Visual artists, dancers and musicians are gearing up to showcase their talents at Artscape, Baltimore's annual public arts festival. Though the hallmark event has been in existence for well over three decades, officials believe it continues to get better with time.
"Artscape has remained popular because it constantly changes and evolves each year," Tracy Baskerville, communications director of the Baltimore Office of Promotion & the Arts told the AFRO in a recent interview. "Whether it is through the exhibitions, participating artists, performances, films and venues...the festival is always a little different from the previous year.”
Billed as "the nation's largest free arts festival," Artscape, presented by Mayor Stephanie Rawlings-Blake and the Baltimore Office of Promotion & the Arts, boasts an impressive mash-up of various visual art exhibits, family activities, fashion displays, musical performances and more.
Kicking off on July 20, the three-day event will feature the work of hundreds of artists including craftspeople, painters and fashion designers throughout the weekend until the festival's conclusion on July 22.
According to Baskerville, officials will debut several new visual arts exhibitions this year and will expand the festival's breadth to North Avenue, to draw the Station North community.
The festival will also feature three outdoor stages with a full schedule of performers throughout the weekend. This year's event will include performances by neo-soul singer Navasha Davis, the Baltimore Symphony Orchestra and R&B singer Brian McKnight.
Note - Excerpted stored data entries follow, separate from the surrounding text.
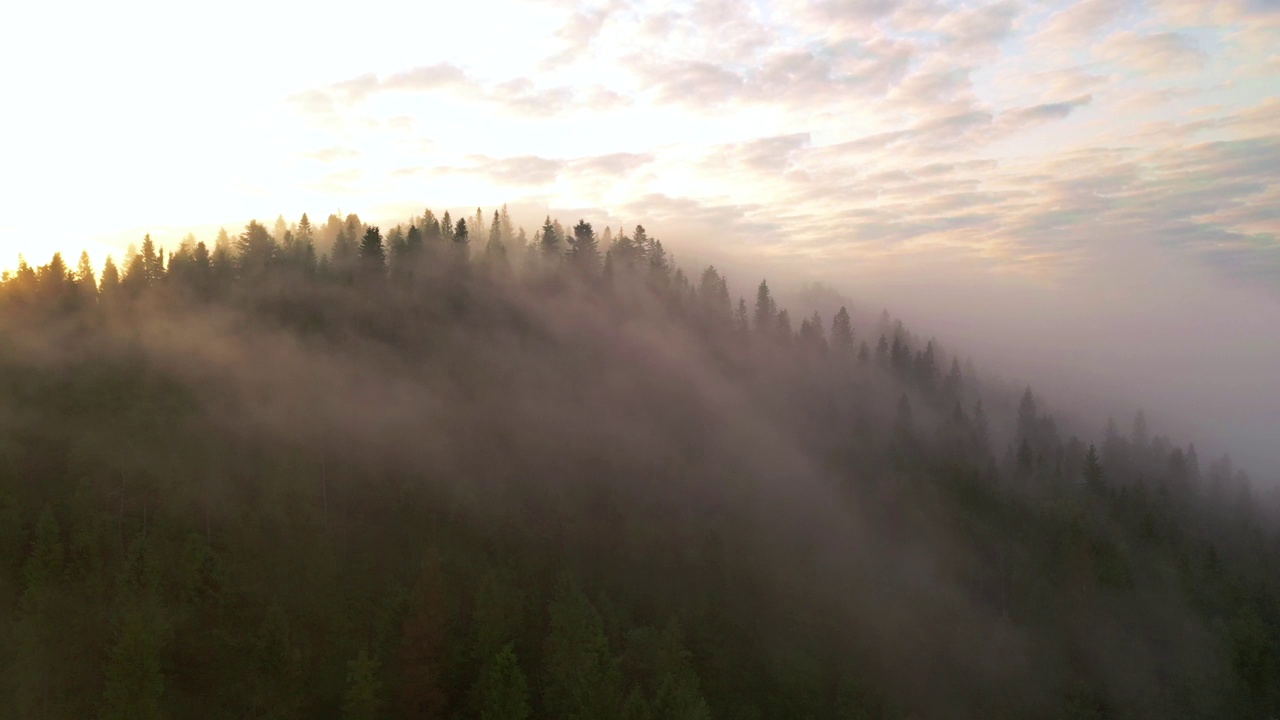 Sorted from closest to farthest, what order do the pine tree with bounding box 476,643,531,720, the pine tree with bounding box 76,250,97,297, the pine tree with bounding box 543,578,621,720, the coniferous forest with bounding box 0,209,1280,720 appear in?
the pine tree with bounding box 476,643,531,720 → the pine tree with bounding box 543,578,621,720 → the coniferous forest with bounding box 0,209,1280,720 → the pine tree with bounding box 76,250,97,297

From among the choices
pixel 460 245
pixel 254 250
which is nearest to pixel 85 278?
pixel 254 250

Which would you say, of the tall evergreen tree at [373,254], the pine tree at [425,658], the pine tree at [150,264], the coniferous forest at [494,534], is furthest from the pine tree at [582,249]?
the pine tree at [425,658]

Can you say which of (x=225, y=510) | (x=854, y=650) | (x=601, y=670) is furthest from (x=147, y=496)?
(x=854, y=650)

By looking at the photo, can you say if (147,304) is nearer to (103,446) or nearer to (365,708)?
(103,446)

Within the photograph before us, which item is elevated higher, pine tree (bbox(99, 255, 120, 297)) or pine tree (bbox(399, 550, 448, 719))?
pine tree (bbox(99, 255, 120, 297))

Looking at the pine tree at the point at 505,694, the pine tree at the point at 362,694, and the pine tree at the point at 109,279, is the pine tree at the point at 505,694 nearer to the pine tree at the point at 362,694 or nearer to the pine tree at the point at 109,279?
the pine tree at the point at 362,694

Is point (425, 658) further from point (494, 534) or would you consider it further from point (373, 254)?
point (373, 254)

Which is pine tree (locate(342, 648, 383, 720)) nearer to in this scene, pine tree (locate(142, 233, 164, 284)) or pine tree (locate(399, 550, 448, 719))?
pine tree (locate(399, 550, 448, 719))

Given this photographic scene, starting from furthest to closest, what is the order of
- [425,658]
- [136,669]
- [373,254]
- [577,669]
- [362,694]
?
[373,254], [577,669], [425,658], [136,669], [362,694]

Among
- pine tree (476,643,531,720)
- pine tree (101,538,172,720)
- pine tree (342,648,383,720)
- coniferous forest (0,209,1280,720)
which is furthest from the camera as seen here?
coniferous forest (0,209,1280,720)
Additionally, a bevy of funk, jazz, opera and classical musicians are also slated to perform.
Now in its 31st year, Artscape continues to be a unique event that often draws attendees from across the region. Officials cite the festival as having a tremendous economic impact on the city, often drawing over 350,000 attendees.
"We hope festival-goers leave Artscape with a feeling of fun, a spark of creativity and a sense of pride in Baltimore City," Baskerville said. "The arts are extremely important to the Baltimore community and help enhance the quality of life for residents and visitors."